Skip to content

Monitoring and Observability

Alita Robot provides comprehensive monitoring capabilities including health checks, Prometheus metrics, Sentry error tracking, and resource monitoring.

The health endpoint provides real-time status of the bot and its dependencies.

GET /health
{
"status": "healthy",
"checks": {
"database": true,
"redis": true
},
"version": "1.0.0",
"uptime": "24h30m15s"
}
FieldTypeDescription
statusstringOverall health: healthy or unhealthy
checks.databasebooleanPostgreSQL connection status
checks.redisbooleanRedis connection status
versionstringBot version
uptimestringTime since bot started
CodeMeaning
200All systems healthy
503One or more checks failed

The health check performs:

  1. Database check: Pings PostgreSQL with a 2-second timeout
  2. Redis check: Sets and gets a test key with a 2-second timeout

Both checks must pass for healthy status.

Terminal window
# Simple health check
curl http://localhost:8080/health
# Docker health check (built-in)
/alita_robot --health
# Kubernetes liveness probe
livenessProbe:
httpGet:
path: /health
port: 8080
initialDelaySeconds: 30
periodSeconds: 10

The metrics endpoint exposes Prometheus-compatible metrics for monitoring.

GET /metrics

Add to your prometheus.yml:

scrape_configs:
- job_name: 'alita-robot'
static_configs:
- targets: ['alita:8080']
scrape_interval: 15s
scrape_timeout: 10s
metrics_path: /metrics
services:
prometheus:
image: prom/prometheus:latest
volumes:
- ./prometheus.yml:/etc/prometheus/prometheus.yml
- prometheus_data:/prometheus
ports:
- "9090:9090"
depends_on:
- alita
volumes:
prometheus_data:

For visualization, add Grafana:

services:
grafana:
image: grafana/grafana:latest
volumes:
- grafana_data:/var/lib/grafana
ports:
- "3000:3000"
environment:
- GF_SECURITY_ADMIN_PASSWORD=admin
depends_on:
- prometheus
volumes:
grafana_data:

Sentry provides real-time error tracking and performance monitoring.

Terminal window
# Enable Sentry integration
ENABLE_SENTRY=true
# Sentry DSN from your project settings
SENTRY_DSN=https://your-key@o123456.ingest.sentry.io/1234567
# Environment name (helps organize errors)
SENTRY_ENVIRONMENT=production
# Sample rate for error events (0.0-1.0)
# Default: 1.0 (100% of errors sent)
SENTRY_SAMPLE_RATE=1.0
  1. Error Tracking: Automatically captures and reports errors
  2. Logrus Integration: Error, Fatal, and Panic log levels are sent to Sentry
  3. Context Enrichment: Errors include user ID, chat ID, and message context
  4. Filtering: Sensitive data (bot token) is automatically redacted
  5. Expected Errors: Common errors like “user blocked bot” are suppressed

When an error occurs, Sentry receives:

  • Update ID
  • User ID and username
  • Chat ID and type
  • Message ID and text
  • Source file, line, and function
PlanErrors/MonthCost
Free5,000$0
Team50,000$29/month

For high-volume bots, reduce SENTRY_SAMPLE_RATE to stay within limits.

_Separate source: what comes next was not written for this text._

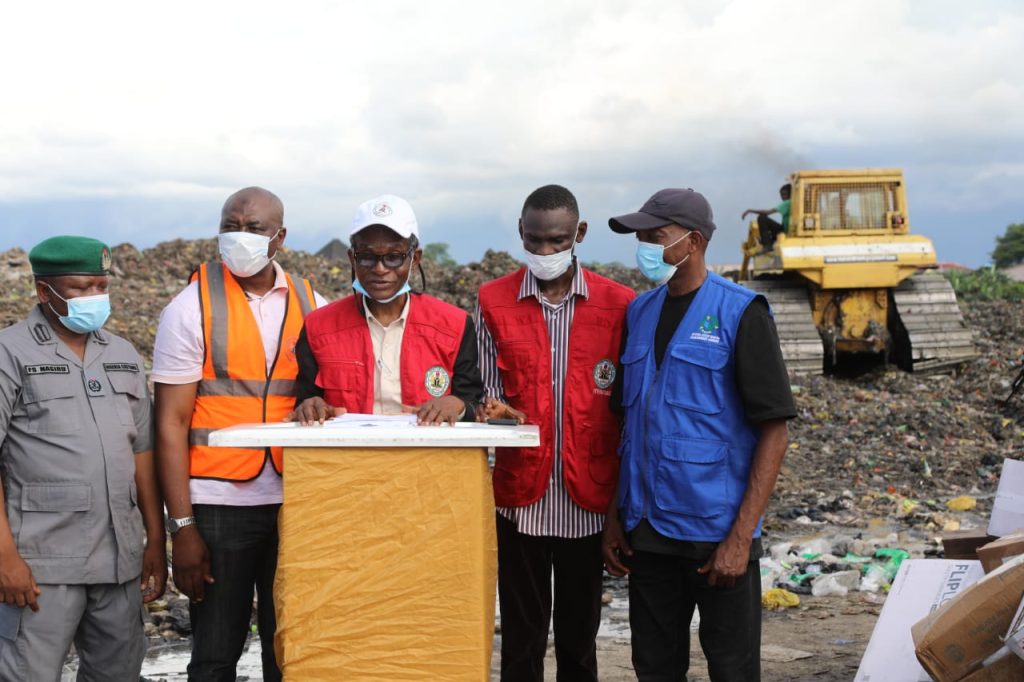 NAFDAC destroys ₦59m worth of expired donated medicines in Port Harcourt 2 NAFDAC destroys ₦59m worth of expired donated medicines in Port Harcourt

Alita Robot includes automatic resource monitoring to prevent resource exhaustion.

Terminal window
# Maximum goroutines before triggering cleanup
# Default: 1000, Recommended: 1000-5000
RESOURCE_MAX_GOROUTINES=1000
# Maximum memory usage in MB before triggering cleanup
# Default: 500, Recommended: 500-2000
RESOURCE_MAX_MEMORY_MB=500
# Memory threshold for triggering garbage collection
# Default: 400, Recommended: 80% of RESOURCE_MAX_MEMORY_MB
RESOURCE_GC_THRESHOLD_MB=400

When thresholds are exceeded, the system automatically:

  1. Triggers garbage collection
  2. Logs warnings about resource usage
  3. Takes corrective action if configured

Track group activity automatically:

Terminal window
# Days of inactivity before marking chat as inactive
# Default: 30, Range: 1-365
INACTIVITY_THRESHOLD_DAYS=30
# Hours between automatic activity checks
# Default: 1, Range: 1-24
ACTIVITY_CHECK_INTERVAL=1
# Enable automatic cleanup of inactive chats
# Default: true
ENABLE_AUTO_CLEANUP=true

The system tracks:

  • DAG: Daily Active Groups
  • WAG: Weekly Active Groups
  • MAG: Monthly Active Groups

Groups are automatically:

  • Marked inactive after the threshold period
  • Reactivated when they become active again
Terminal window
# Enable automatic performance monitoring
ENABLE_PERFORMANCE_MONITORING=true
# Enable background statistics collection
ENABLE_BACKGROUND_STATS=true
  • Message processing time
  • Database query duration
  • Cache hit/miss rates
  • API response times
  • Goroutine count
  • Memory usage

For detailed logging during development:

Terminal window
DEBUG=true

Debug mode:

  • Increases log verbosity
  • Disables background monitoring
  • Shows detailed error stack traces

Structured log entries include:

FieldDescription
update_idTelegram update ID
error_typeError type (e.g., *TelegramError)
fileSource file where error occurred
lineLine number
functionFunction name
{
"level": "error",
"msg": "Handler error occurred: user blocked bot",
"update_id": 123456789,
"error_type": "*gotgbot.TelegramError",
"file": "alita/modules/admin.go",
"line": 45,
"function": "handleAdminCommand",
"time": "2024-03-15T10:30:00Z"
}
LevelDescription
DEBUGVerbose debugging (DEBUG=true only)
INFONormal operation events
WARNExpected issues (e.g., user blocked bot)
ERRORUnexpected errors (sent to Sentry)
FATALCritical errors that stop the bot
PANICUnrecoverable errors

Create alerts.yml:

groups:
- name: alita-alerts
rules:
- alert: AlitaUnhealthy
expr: up{job="alita-robot"} == 0
for: 1m
labels:
severity: critical
annotations:
summary: "Alita Robot is down"
- alert: HighMemoryUsage
expr: process_resident_memory_bytes > 500000000
for: 5m
labels:
severity: warning
annotations:
summary: "High memory usage detected"
- alert: DatabaseConnectionFailed
expr: alita_health_database == 0
for: 1m
labels:
severity: critical
annotations:
summary: "Database connection failed"

Configure alerts in Sentry dashboard:

  1. Go to Alerts > Create Alert
  2. Set conditions (error count, unique users affected)
  3. Configure notification channels (email, Slack, PagerDuty)